Work to be completed: Down to the last line, retype the records below exactly and skip the pictures.

Source material:

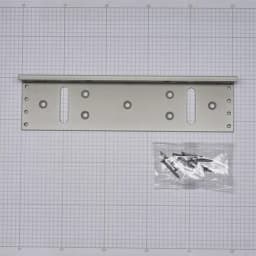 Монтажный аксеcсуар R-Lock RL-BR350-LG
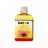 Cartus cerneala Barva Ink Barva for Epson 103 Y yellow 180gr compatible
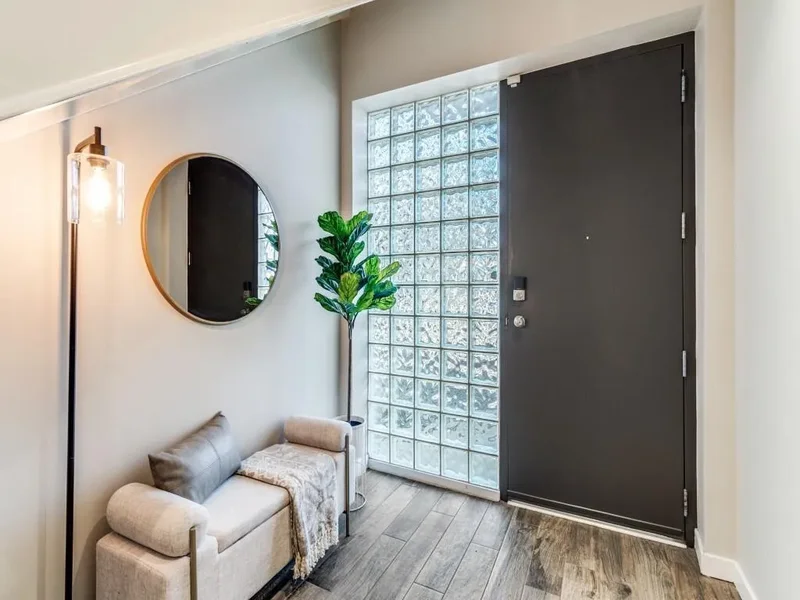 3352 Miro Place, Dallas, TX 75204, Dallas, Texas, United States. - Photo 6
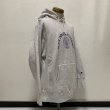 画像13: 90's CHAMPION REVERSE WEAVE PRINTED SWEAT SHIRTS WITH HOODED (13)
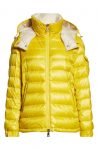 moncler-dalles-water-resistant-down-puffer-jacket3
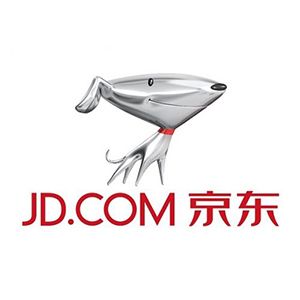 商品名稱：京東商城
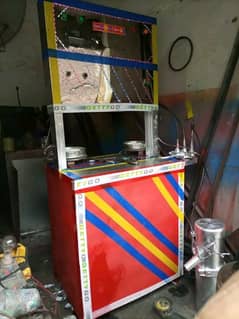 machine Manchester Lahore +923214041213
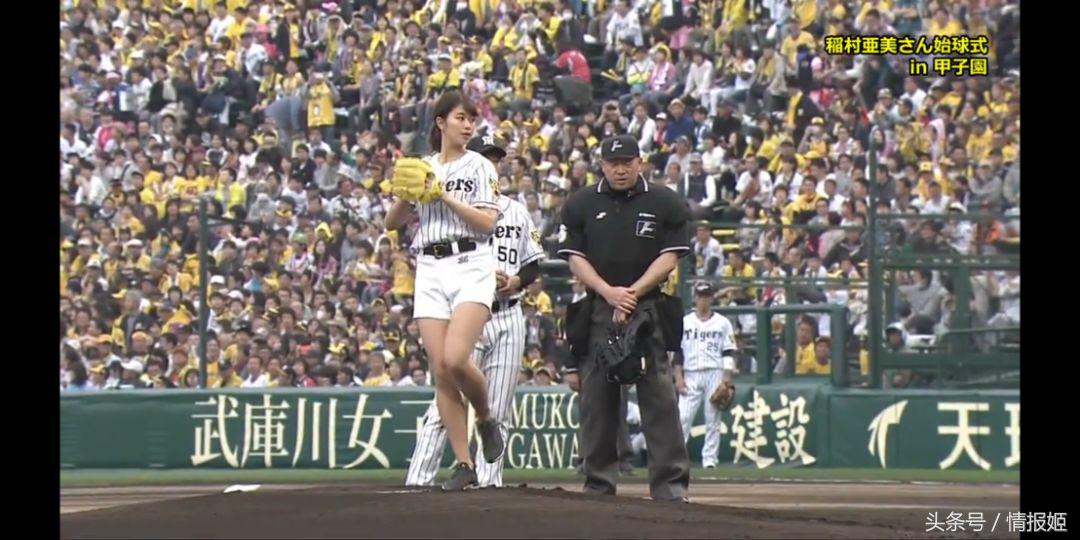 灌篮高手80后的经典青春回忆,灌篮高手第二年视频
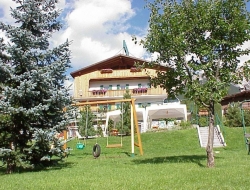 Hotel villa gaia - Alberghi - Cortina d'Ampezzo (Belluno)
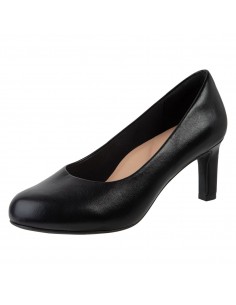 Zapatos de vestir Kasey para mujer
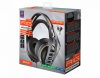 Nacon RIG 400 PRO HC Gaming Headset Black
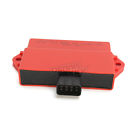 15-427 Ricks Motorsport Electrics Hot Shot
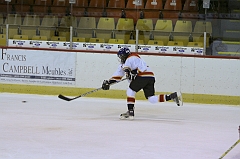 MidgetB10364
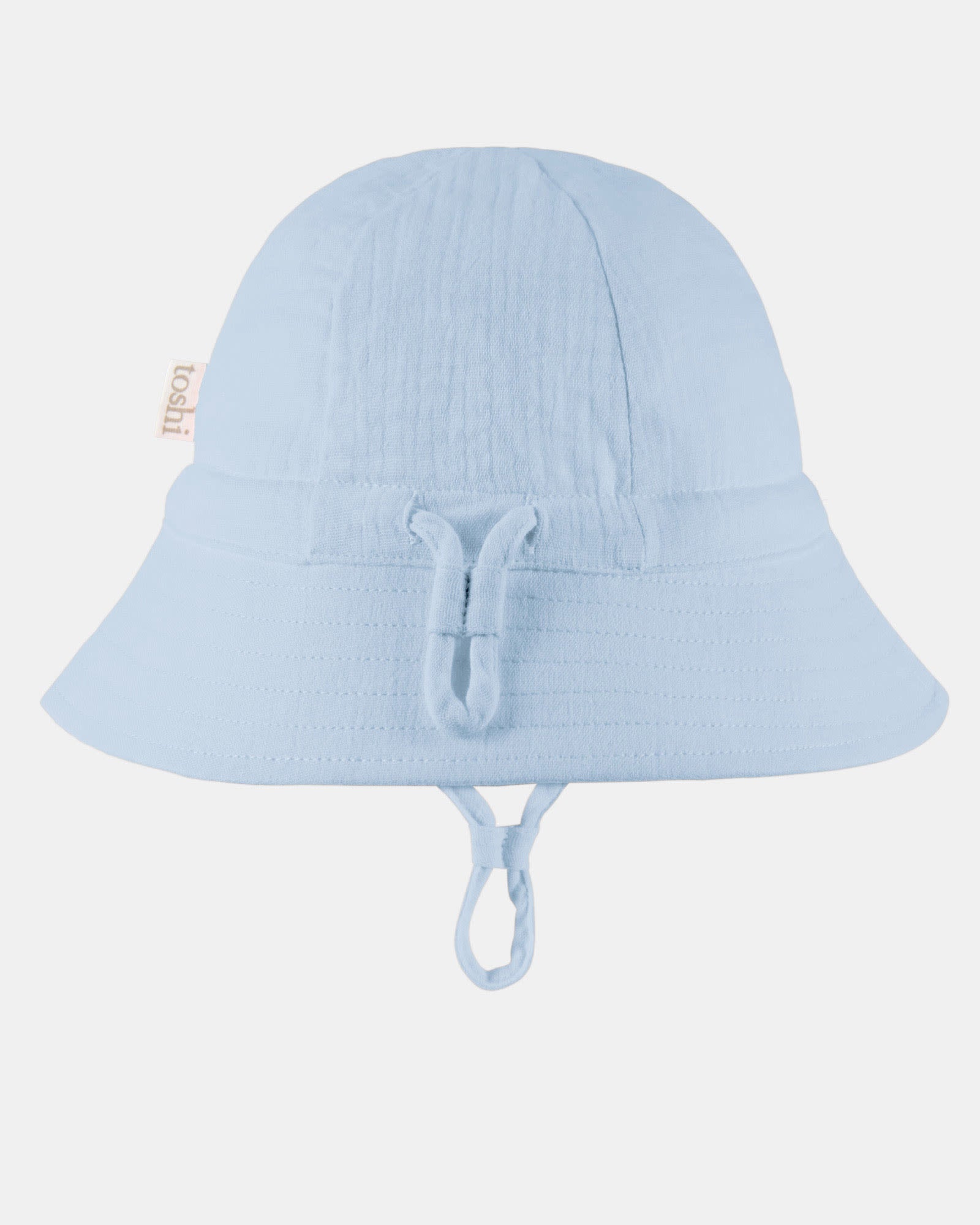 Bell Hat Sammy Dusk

Response below:
 Монтажный аксеcсуар R-Lock RL-BR350-LG
 Cartus cerneala Barva Ink Barva for Epson 103 Y yellow 180gr compatible
 3352 Miro Place, Dallas, TX 75204, Dallas, Texas, United States. - Photo 6
 画像13: 90's CHAMPION REVERSE WEAVE PRINTED SWEAT SHIRTS WITH HOODED (13)
 moncler-dalles-water-resistant-down-puffer-jacket3
 商品名稱：京東商城
 machine Manchester Lahore +923214041213
 灌篮高手80后的经典青春回忆,灌篮高手第二年视频
 Hotel villa gaia - Alberghi - Cortina d'Ampezzo (Belluno)
 Zapatos de vestir Kasey para mujer
 Nacon RIG 400 PRO HC Gaming Headset Black
 15-427 Ricks Motorsport Electrics Hot Shot
 MidgetB10364
 Bell Hat Sammy Dusk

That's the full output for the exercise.